This repository contains the mostly successful experiment with regression analysis using genetic programming, so in a nutshell, given an arbitrary number of sample points containing the values of different input variables along with the output result, it'll try to find an equation that saisfies these conditions. The neat thing about this approach is that it in theory works for any equation, it's not limited to for example linear regression or quadratic regression, it can find functions look like (2^(x-1)) as easily as (10x+y).
This is assuming you're familiar with genetic algorithms already.
The system uses an internal representation of different genes that are expanded into an Abstract Syntax Tree (https://en.wikipedia.org/wiki/Abstract_syntax_tree), that is then evaluated using the provided inputs. Fitness is calculated as sum of squares differences between the output from the AST and the given result. This of course means that lower values correspond to higher fitness, and a fitness of 0.0 means that the solution has been truly "found".
The DNA is represented as a list of "translation units", these contain:
childrenNodes :: (Integer, Integer) singleNode :: Leaf function :: Func
these properties are mutated and crossbred with each other to create new generations.
To generate an AST tree from these you'll need a treedepth Integer, default is 4.

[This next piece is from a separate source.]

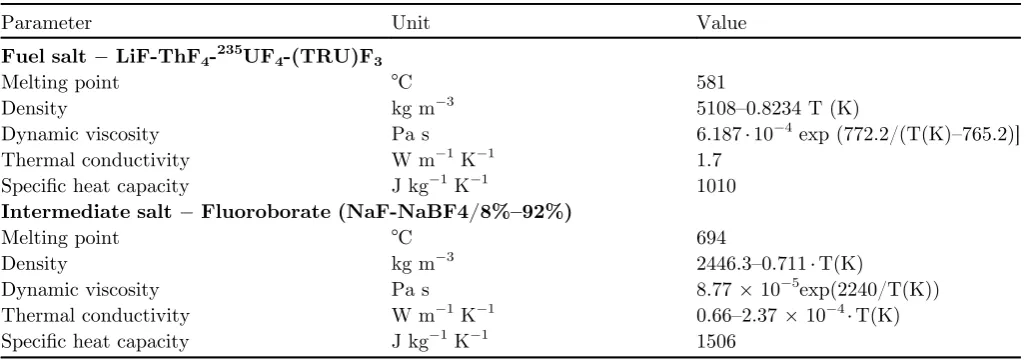 Table 2. MSFR geometric, operational and physical parameters.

The algorithm starts with selecting one of these trainslation units, the translation unit will run its function on the result of the calculation of the translation units on the indices of the pair childrenNodes. These nodes will call their own children and run their function on them. etc. When treedeapth is reached the translation unit returns a leaf instead of a function (a leaf can be either a variable or an static value). You see that this way an array of translation units can be turned into an AST.

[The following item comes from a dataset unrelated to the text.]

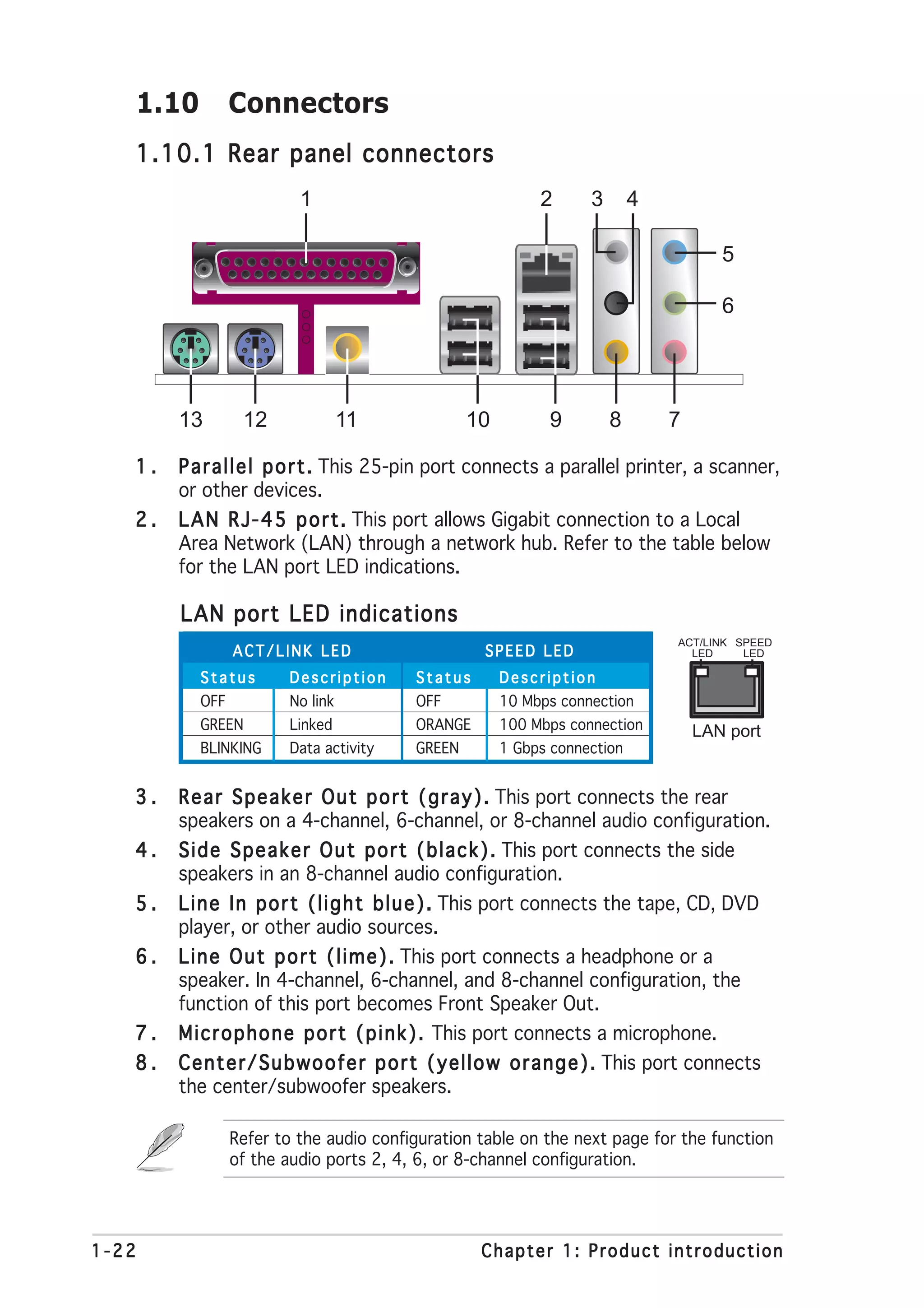 1.10          Connectors
   1.10.1 Rear panel connectors
                          1                                   2       3       4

You can either choose to compile the program to an .exe or just use the main function inside of SuperEvolution.hs, it'll parse the text file "input.txt" for your input data and output new generations until you stop the program.

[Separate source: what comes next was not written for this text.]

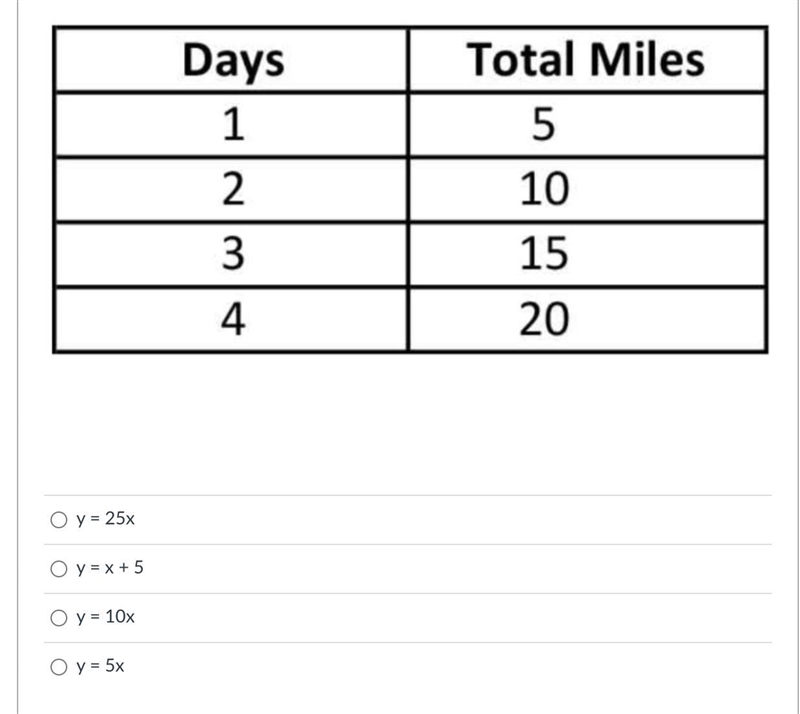 Which answer choice shows an equation that correctly represents the relationship shown-example-1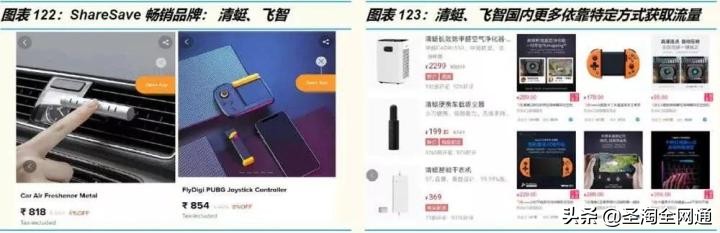 圣淘电商未来发展前景,圣淘电商直播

You can also modify the static constants in EvolutionConfig.hs, though you'll need to recompile.
Results have been good so far, but need to test more and test more possible configurations, results are not really reproducible because of the high degree of randomness involved, but for this input:
x = 1, y = 5, res = 4
x = 2, y = 1, res = 3
x = 3, y = 10, res = 17
x = 10, y = 1, res = 99
I have been able to reliably get the "solution" (it's x^2 + y - 2), though the time it takes to get the result varies. This is definitely on the lower end of provided inputs though, the more you give it the better it'll become.
input:
x = 1, y = 2, z = 5, res = 9
x = 1, y = 0, z = 5, res = 7
returns 2x + y + z in a few seconds.
x = 1, y = 2, res = 2
x = 4, y = 3, res = 65
returns 1 + x^y in a few seconds.
Overfitting doesn't seem to be as big of an issue as anticipated. The maximum tree depth blocks the equations from becoming too complex.
The program has a harder time finding combinations of very large static numbers and small polynomial factors.
It can be slow, should get around to rewriting this thing in some faster language when I find the time.